Une opération et 15 jours d’arrêt de travail

Un coup de poing d’une rare violence l’atteint au niveau du nez, provoquant une fracture ouverte, avec perforation de la cloison nasale. Sérieusement blessé et sous le choc, le chauffeur parvient à stopper le véhicule, tandis que les malfrats disparaissent dans l’ombre. Seul, couvert de sang, Eric trouve la force de donner l’alerte. Transporté d’urgence à l’hôpital, il subit une lourde opération et se voit prescrire 15 jours d’arrêt de travail.

«On essaye de passer au-dessus, mais c’est pas toujours évident», soupire-t-il. Avec le recul, ce professionnel pense qu’une cabine sécurisée aurait sans doute changé les choses dans son cas : «Cela aurait été plus compliqué de m’atteindre. Je trouve ça sécurisant». Désormais employé chez Voyages Ecker, il sillonne toujours le nord du pays à bord de son bus, malgré les réticences de son épouse qui craint pour sa sécurité.

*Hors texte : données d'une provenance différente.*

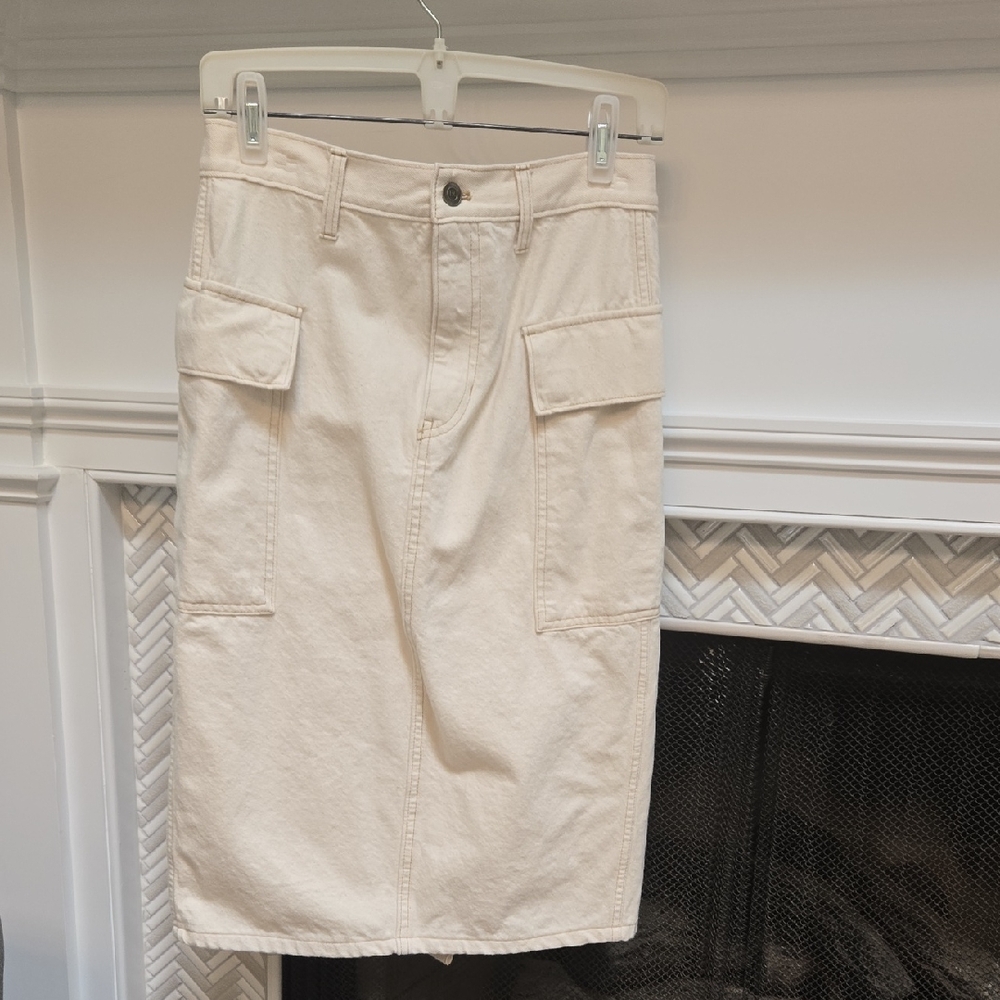 Banana Republic Beige Denim Cargo Skirt with Side Pockets. Size 2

Il attend surtout des responsables au gouvernement qu’ils prennent leurs responsabilités : «Je ne suis pas sûr qu’ils aient conscience de la réalité du terrain. Je les invite à monter dans un bus au milieu de la nuit pour s’en rendre compte», lance Eric.

Le ministre de la Sécurité intérieure sollicité

Dans la longue liste d’agressions répertoriées cette année, quinze se révèlent particulièrement violentes – coups, jets de pierres, tirs au pistolet à plomb, attaque au couteau – et la moitié ont eu lieu ces trois derniers mois. Pour le LCGB, majoritaire dans le secteur, c’en est trop : les représentants syndicaux fulminent et en appellent maintenant au ministre de la Sécurité intérieure, et plus seulement au ministre de la Mobilité. Une entrevue urgente vient ainsi d’être sollicitée avec Henri Kox et François Bausch.

Si l’annonce de l’installation de cabines sécurisées dès 2023 dans les bus est perçue comme «un pas dans la bonne direction», le LCGB estime que cette mesure ne suffit déjà plus : «Les agressions sont de plus en plus fréquentes, avec un degré de violence plus élevé», déplore Paul Glouchitski, secrétaire syndical. «Nous revendiquons le renforcement des contrôles et des patrouilles de police dans les bus, avec l’ajout d’agents de sécurité privés sur les lignes et créneaux les plus sensibles. Ce qui a été fait dans les trains et qui s’avère efficace.»

Des actions qui devront être menées rapidement, alors qu’au-delà de la sécurité des chauffeurs, c’est aussi celle des usagers qui est en jeu, souligne le LCGB, tout comme l’attractivité du métier, qui souffre déjà d’une pénurie de main-d’œuvre.